Juzer simultaneously joined all the courses. However, after a couple of months he again contacted Eyeway as he was having an issue in finding a reader for his final typing exam. It was essential for him because the reader is supposed to read out a given paragraph which the candidate should type in a stipulated amount of time to qualify for the typing exam. Before contacting our Helpdesk, he approached several other organizations but he did not get any response. Eyeway arranged a volunteer within two days and connected him to his assigned reader for submission of relevant documents. Finally, Juzer can appear for the examinations and is currently preparing for the same.

While Juzer’s issue was successfully resolved, his younger brother Taha had a major setback with his school management. In 2015, Taha took admission in Geeta English and Semi English Medium School in Karjat. Initially, the school management was reluctant to offer admission and insisted his parents to put Taha in a special school for the blind However, the parents managed to convince the school authorities that blind children can avail education from mainstream schools.

As Taha was the only visually impaired student in the entire school, the management was not aware of the facilities provided to such students. Also, due to frequent change of staff members the parents found it cumbersome to visit every teacher and explain their child’s situation repeatedly. At first, Taha had enough vision to write his own paper with extra light conditions. However, in the middle of 2017, his eye condition deteriorated and he was unable to complete his papers within the prescribed time limit. When his parents tried to explain this situation to the Principal, he made an insensitive remark and told the parents that as Taha didn’t face any issue while playing, he was sure that he wasn’t facing any problem in completing the paper. The Principal said Taha was only making up an excuse because he didn’t know the answers.
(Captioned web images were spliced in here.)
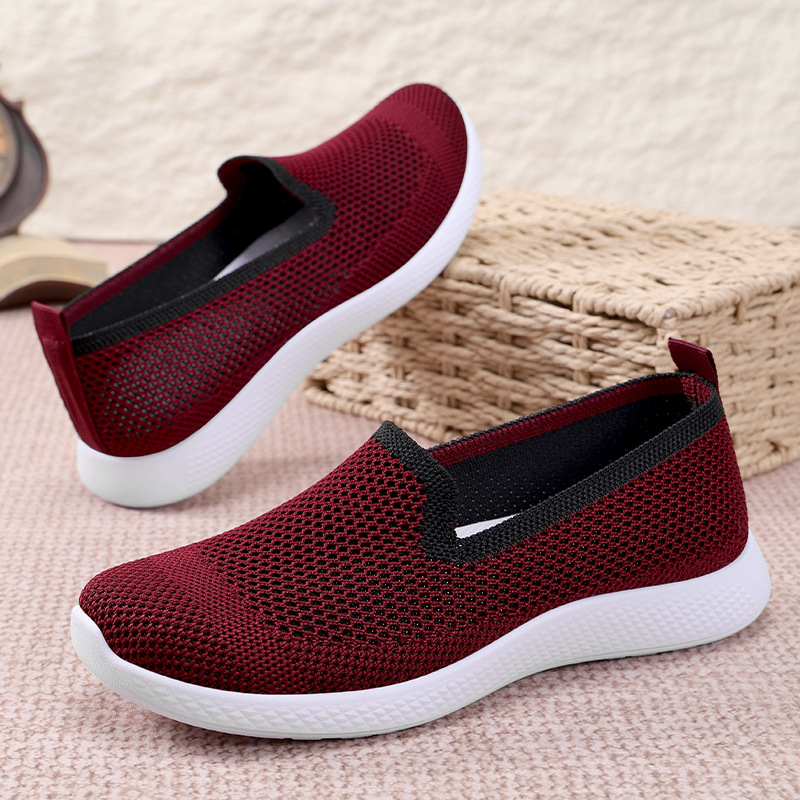 Women's autumn new style versatile soft-soled single-foot shoes, wholesale women's shoes for export, mesh shoes, breathable mom shoes full figure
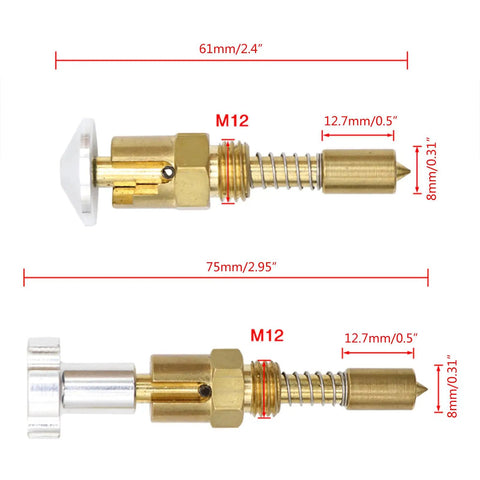 Heavy Duty Motorcycle Carburetor Fast Idle Screw And Manual Choke Plunger, metal, M12 sizes, precise throttle control.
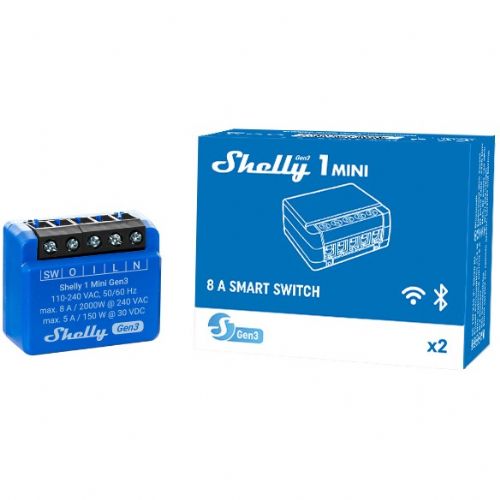 Ugradbeni kanal Shelly relePlus 1 Mini Gen. 3" WLAN BT max. 8A 1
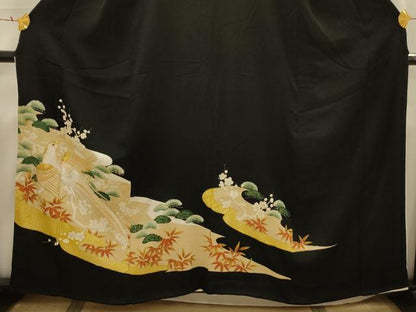平和屋着物■豪華黒留袖　刺繍　松竹梅花鳥文　金銀糸　金銀彩　正絹　逸品　AABI4223sx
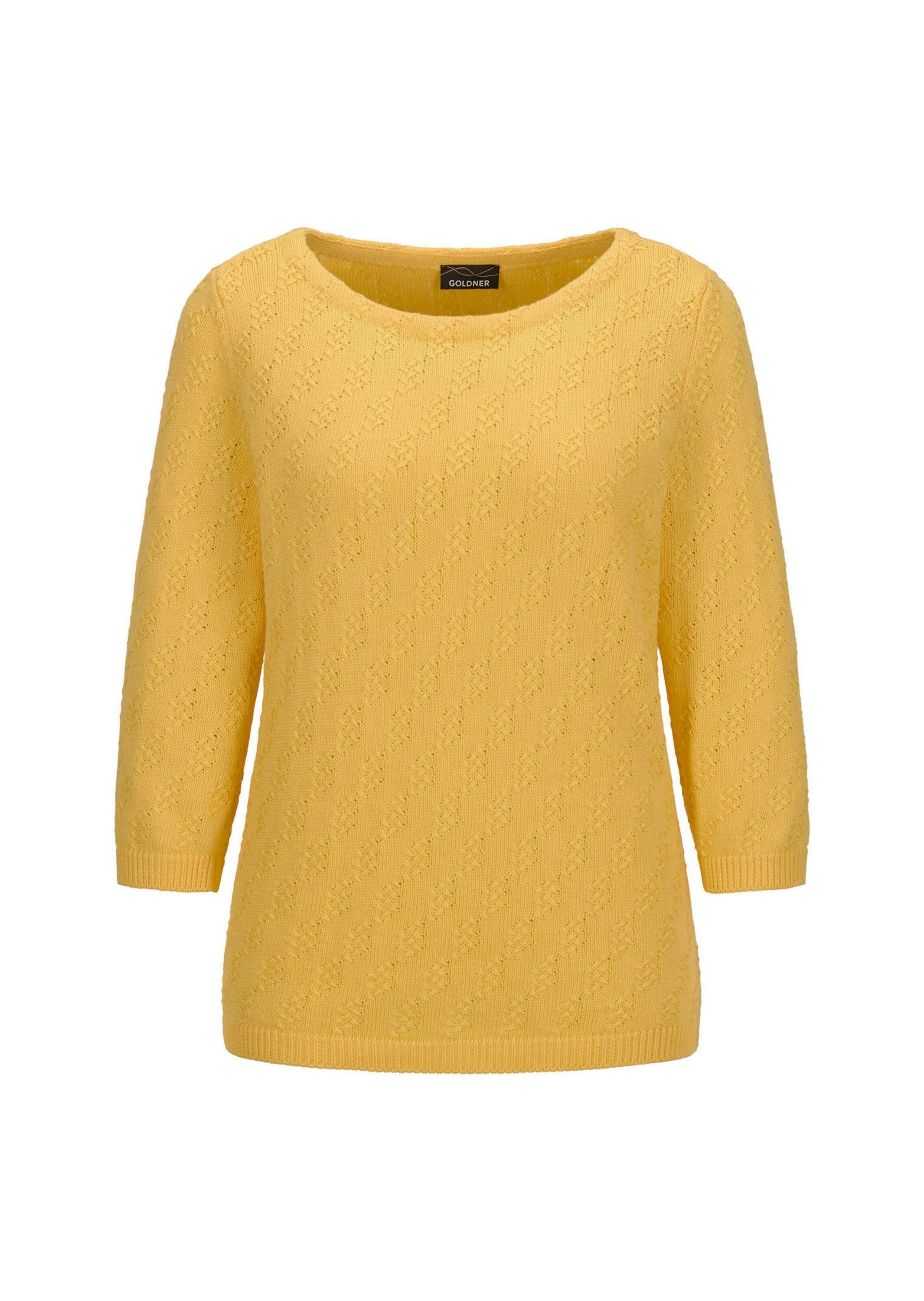 GOLDNER Rundhalspullover "Halbarm Baumwollpullover mit Struktur" 3/4-Ärmel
His parents were taken aback. Not knowing what to do, they contacted Eyeway to seek help and assistance. After analyzing the issue, our counsellors provided them with the ‘MSJE circular on Universal Examination guidelines for candidates with Disabilities’. They explained his parents, that as per the guidelines Taha can take help of a scribe to write his papers and he is also entitled to get 20 minutes extra for the duration of an hour while writing the examinations. After submitting the guidelines to the school, the management has accepted to provide all facilities to Taha and there is no need of visiting the school frequently as well.

Juzer and Taha are more accepting of the advice and support of our counsellors than of their own family members. Eyeway is glad to know that the parents and the clients have maintained their trust and credibility with our intervention for providing information and guidance in all aspects.